Heru juga menekankan bahwa harga rokok di Indonesia, tergolong mahal, jika dilihat dari besaran PDB Indonesia. Harga rokok saat ini adalah 0,8 persen dari PDB per kapita per hari. ”Sementara di negara-negara Jepang itu 0,2 persen. Artinya harga rokok kita relatif lebih mahal kalau dikaitkan dengan PDB kita. Pemerintah mesti berdiri di tengah-tengah, tidak boleh di satu pihak saja,” tegasnya.

Heru juga menekankan bahwa kenaikan tarif cukai rokok akan bervariasi seperti tahun ini. Bagi industri rokok padat karya seperti Sigaret Kretek Tangan (SKT), pemerintah akan memberikan tarif cukai yang lebih rendah dibanding dengan industri rokok putih.

”Kenaikannya kan bervariasi antara satu golongan dengan golongan yang lain. Kita akan memberikan privilege lebih bagi industri padat karya dibanding yang pakai mesin,” ujarnya.

Tahun ini, pemerintah telah menetapkan kenaikan tarif cukai rata-rata adalah 11,9 persen. Besaran cukai yang terendah adalah nol persen bagi golongan SKT, sementara tarif tertinggi sebesar 16,47 persen ditujukan bagi kelompok SPM (rokok putih).

Isu kenaikkan harga rokok mendapat reaksi dari kalangan buruh.
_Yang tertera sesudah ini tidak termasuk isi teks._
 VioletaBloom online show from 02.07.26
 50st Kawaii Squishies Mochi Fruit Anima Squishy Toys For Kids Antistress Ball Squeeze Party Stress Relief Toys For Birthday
Mereka berancang-ancang untuk menolak kenaikkan itu. Alasan mereka, mahalnya harga rokok bakal menurunkan daya beli yang berakibat pada menurunnya jumlah produksi rokok. Kondisi itu dapat menimbulkan PHK besar-besaran pekerja di industri rokok.
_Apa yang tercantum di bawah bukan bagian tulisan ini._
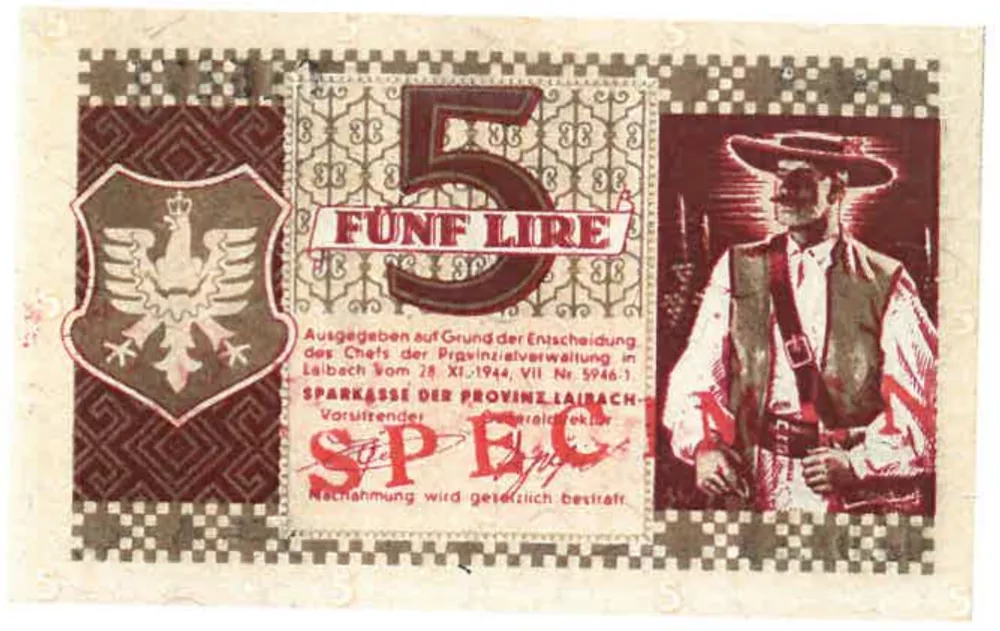 Plačilna valuta / Foto: Mestni Muzej Ljubljana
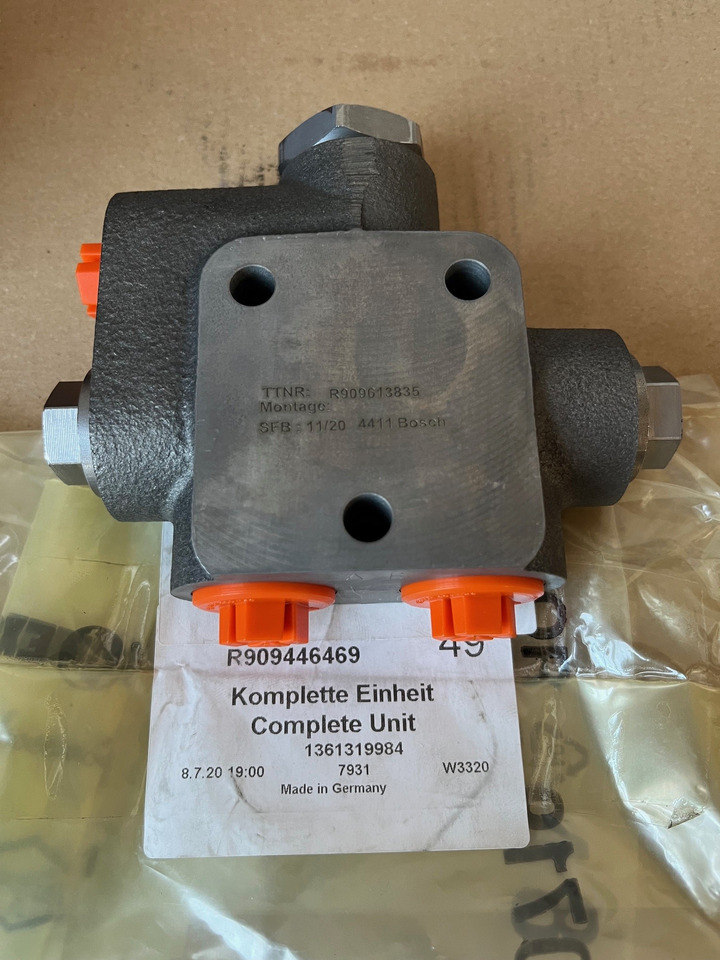 REXROTH R909446469 Flushing & Boost valve - Reservedel for Gravemaskine: billede 2 REXROTH R909446469 Flushing & Boost valve - Reservedel for Gravemaskine: billede 2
”Apalagi 80 persen pekerja di industri rokok adalah pekerja outsourcing yang rentan PHK,” ujar Presiden Konfederasi Serikat Pekerja Indonesia (KSPI) Said Iqbal. Secara umum, buruh sebenarnya setuju pertimbangan kesehatan menjadi prioritas. Namun, menurutnya, setiap kebijakan pemerintah harus mempertimbangkan dampak ketenagakerjaan.

Said menerangkan, pemerintah mestinya juga melihat dampak perlambatan pertumbuhan ekonomi bila harga rokok dinaikkan. Menurut Said, saat ini ada lebih 800 ribu orang miskin dan ribuan pengangguran baru akibat PHK.

Pun menaikkan harga cukai rokok akan menambah angka pengangguran terhadap 4,7 juta buruh industri rokok dan 1,2 juta petani tembakau. ”Apakah pemerintah sudah menyiapkan lapangan kerja yang baru dan kebijakan diversifikasi baru buat petani tembakau ?” tanya Said.

Sementara itu, Menteri Sosial (Mensos) Khofifah Indar Parawansa mengambil terobosan lain untuk menekan peredaran jual beli rokok di masyarakat. Menteri kelahiran Surabaya, Jawa Timur (Jatim) tersebut meluncurkan program layanan Elektronik Warung Kelompok Usaha Bersama (E-Warung KUBE).